So ergibt sich die unbefriedigende und in methodischer Hinsicht unhaltbare Lage, daß Musikschriftsteller und Kritiker, die an den Problemen der modernen Harmonik interessiert sind, die Tristan-Harmonik bereits in übergeordnete Zusammenhänge einbauen, ohne daß es der Musiktheorie gelungen wäre, zu einer wohlfundierten Erklärung der Sache selbst zu finden ... Zunächst gilt es also, den Tristan-Akkord zu deuten. (...) Es wäre unbillig, den voreiligen Auslegern der neueren Musikgeschichte ihren unmethodischen Eifer zum Vorwurf zu machen. Wenn überhaupt ein Vorwurf erhoben werden soll, dann gebührt er den Theoretikern, die die Schwierigkeiten ihres Faches, die am Tristan-Akkord klar zu Tage traten, zu vertuschen und durch unzureichende, notdürftige Erklärungsversuche zu verdecken suchten. Mit methodischen Spitzfindigkeiten war dem Fache nicht geholfen.


Was ist das Problem? Hört man sich die ersten Takte des Tristanvorspiels an, so kann man sich folgende Fragen stellen: Was wurde gehört? Welches sind die Entitäten, die gehört wurden? Sind es Intervalle, Harmonien etc.? Wann sind sie es? Z. B.: Wann ist ein Zusammenklang als Akkord aufzufassen? Wie erfolgt die Konzeptualisierung? Hieraus entspringen weitere Fragestellungen, die sich aufdrängen: Wie ist psychologisch der Unterschied von Perzept und Konzept zu fassen? Muß ein Perzept durch eine Reizquelle oder einen Reiz hervorgerufen werden?
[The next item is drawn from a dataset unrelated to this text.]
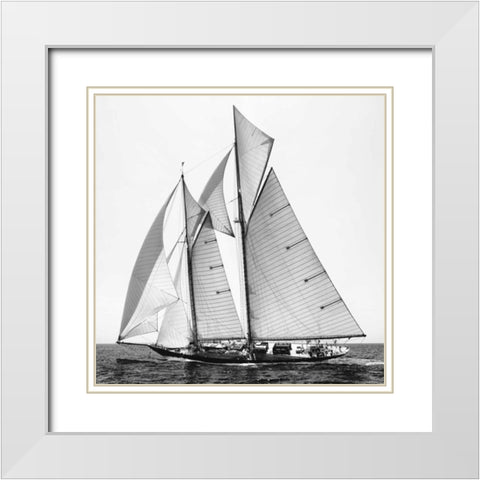 Adrift II White Modern Wood Framed Art Print with Double Matting by Llovet, Jorge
Wie ist der Einfluß von Wissen auf die Wahrnehmung? Ist eine psychologisch gestützte Musiktheorie auf phänomenalistischer Basis notwendig und möglich?

Betrachten wir die Position des Tristan-Akkordes innerhalb des Tristanvorspiels ein wenig näher. Die Buchstaben repräsentieren die Töne mit der Dauer einer Achtelnote, Striche geben weitere Achtelwerte an, die durch Ziffern dargestellt werden. Das Vorspiel ist im 6/8-Takt notiert. (Die Darstellung erfolgt in Anlehnung an Martin Vogel 1962, S. 31.)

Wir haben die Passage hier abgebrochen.